Tim Cole: “Our goal now is to bring in tour the group of musicians that came playing at Rudolstadt Festival in Germany, we have already been to North America, we have been through Asia, finally we came to Europe. Our goal next year is to bring these musicians back to their islands and more places in the region, record songs while we are there as a group this time, get guided into a relationship with nature through the traditional musical narratives, and work that material up to the World major festivals.”

How all these musicians prepared to play together at Rudolstadt Festival in Germany?

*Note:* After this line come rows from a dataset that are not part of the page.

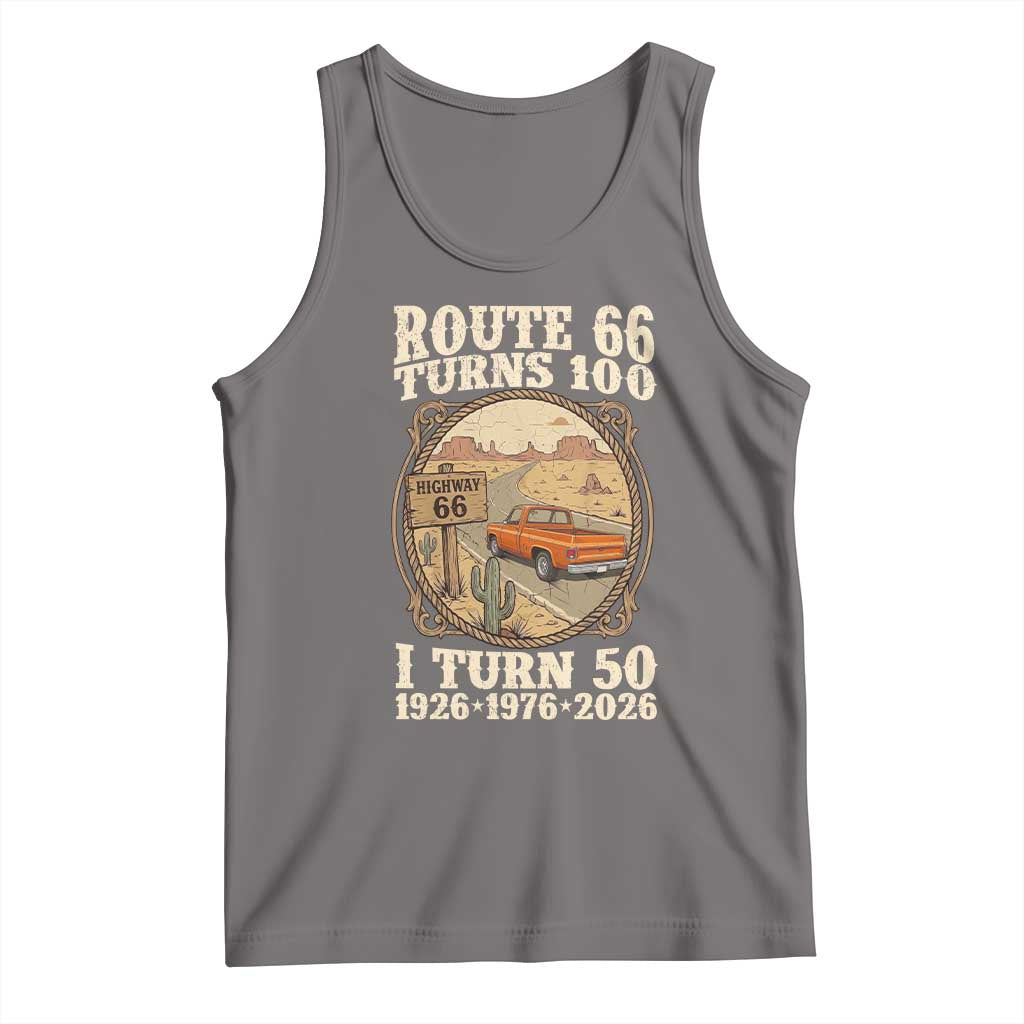 Highway 66 Turn 100 I Turn 50 Tank Top Vintage 100 Years 100 Year Centennial Anniversary Souvenir 1926-2026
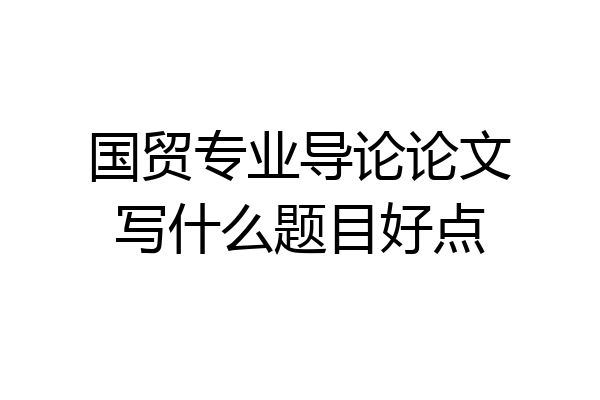 国贸专业导论论文写什么题目好点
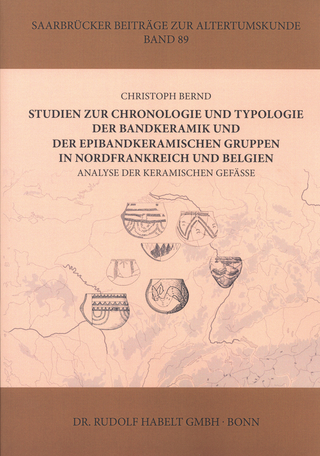 Studien zur Chronologie und Typologie der Bandkeramik und der epibandkeramischen Gruppen in Nordfrankreich und Belgien
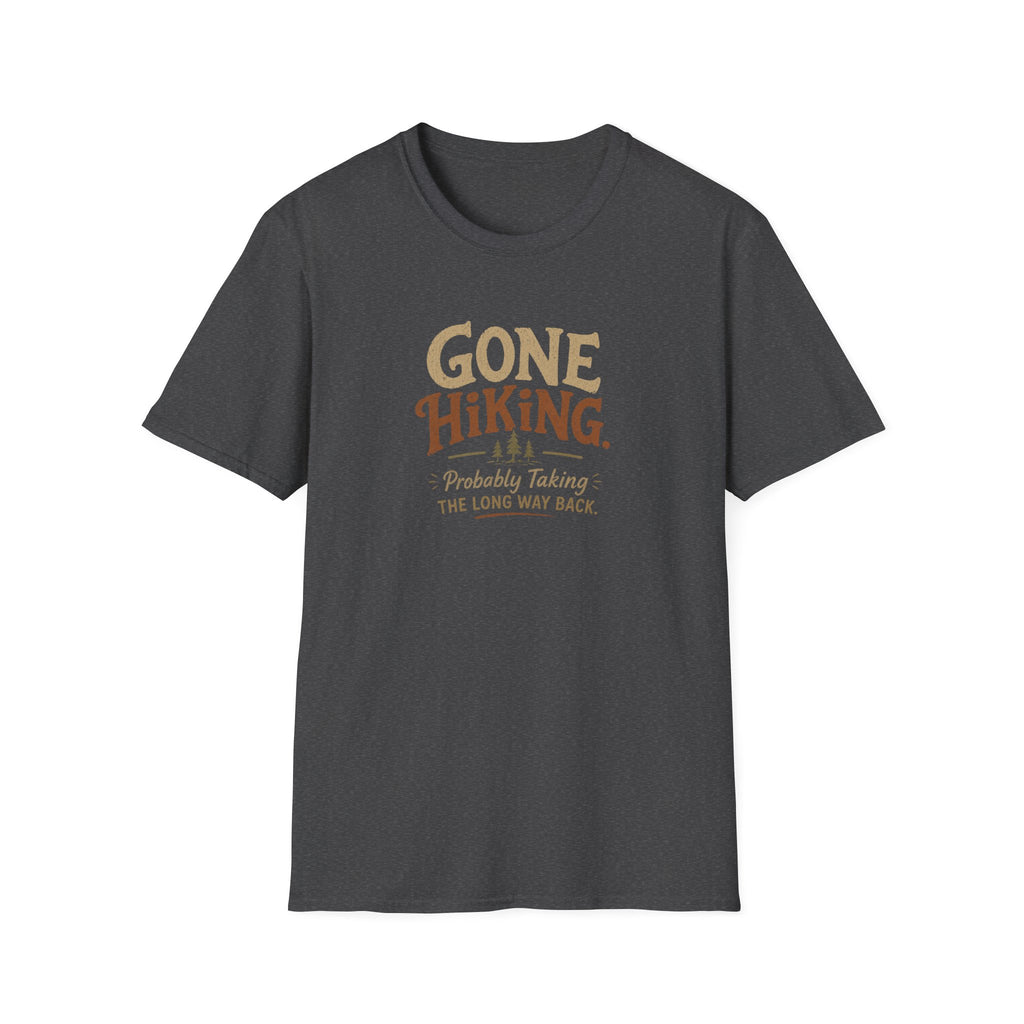 Gone Hiking Probably Taking the Long Way Back T-Shirt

Bao Bao: “This is our second time coming back to Europe, the festival staff was very kind, gave us 4 extra days to arrive here earlier and gather up everyone and rehearse. Most bands would rehearse at home and then go on tour, but for us the tour is like the way we can reunite with this musicians’ family scattered across the ocean, and catch up with all the band members again because everyone comes from different far away places.

I think touring for us got another level of meaning, I just remember the time before our first show: we had 5 musicians all coming from different islands, not all of them spoke English but everyone sat down in a circle and started to count from one to ten in their different indigenous languages while looking at each other’s face. Doing so they realized of sharing the same way of calling those numbers, and that also many common words were said the same as well as the names of many musical instruments.

That was the most special moment for us. This time around we have 9 musicians coming from 7 different island nations; everyday the band members chat with each other discovering more common words between their different languages: now we say this is Taiwan, this is New Zealand, this is Hawaii, but these borders were just drawn by the colonizing nations, there was another story before that, they were one population. That’s another story we hope to tell.”